The father's image, his white T-shirt stained with blood after carrying his injured children out of the minefield where they and hundreds of others were playing, is stirring a public debate on the topic.
But mines have been claiming casualties all along. Most victims are Druze, residents of a handful of villages that remained after Israel captured the Golan Heights from Syria in 1967. Natives of the region, they might know what places to avoid but mines get dislodged over years and move. It's worse in the south, where sandy topsoil washed away in violent flash floods moves mines too. Last year, a hiker was gravely injured in a Golan minefield with a few friends. The army's famed airborne rescue and evacuation unit was called to airlift the wounded man from the field but the rescue turned into a tragedy when the cable detached and the victim was dropped to his death.

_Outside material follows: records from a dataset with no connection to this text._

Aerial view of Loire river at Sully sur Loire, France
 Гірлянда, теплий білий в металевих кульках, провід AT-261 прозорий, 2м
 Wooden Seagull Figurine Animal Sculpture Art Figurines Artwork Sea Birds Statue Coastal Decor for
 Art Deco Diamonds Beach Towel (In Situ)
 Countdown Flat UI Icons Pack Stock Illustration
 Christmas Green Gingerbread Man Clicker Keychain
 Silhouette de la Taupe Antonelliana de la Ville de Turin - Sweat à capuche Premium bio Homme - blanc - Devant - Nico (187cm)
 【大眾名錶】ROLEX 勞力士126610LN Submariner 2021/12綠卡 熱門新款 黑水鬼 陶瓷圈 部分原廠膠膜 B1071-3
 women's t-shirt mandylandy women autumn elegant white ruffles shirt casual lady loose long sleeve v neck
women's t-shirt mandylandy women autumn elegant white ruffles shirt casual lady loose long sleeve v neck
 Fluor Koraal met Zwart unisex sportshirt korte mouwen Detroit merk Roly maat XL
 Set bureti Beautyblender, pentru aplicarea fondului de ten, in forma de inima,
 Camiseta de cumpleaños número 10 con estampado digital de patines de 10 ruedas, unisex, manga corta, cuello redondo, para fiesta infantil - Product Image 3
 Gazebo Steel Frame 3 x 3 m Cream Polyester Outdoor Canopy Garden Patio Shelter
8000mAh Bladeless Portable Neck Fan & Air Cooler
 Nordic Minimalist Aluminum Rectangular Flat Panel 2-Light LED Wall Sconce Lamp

The army regularly maps and maintains the minefields, even on a daily basis, but concedes that fences and signs need upgrading. And it agrees that some can be cleared, presumably those around non-military installations. But it prefers civilian bodies to bear responsibility. Besides being dangerous to remove, clearing mines is hugely expensive, explains Pini Dagan, who after a long army career in the field now owns a company that handles all types of ordinance and munitions, including landmines. The insurance is very high, the equipment very expensive. Dagan says there are millions of mines in Israel. Other estimates are lower.
Does Israel need them? Depends who you ask.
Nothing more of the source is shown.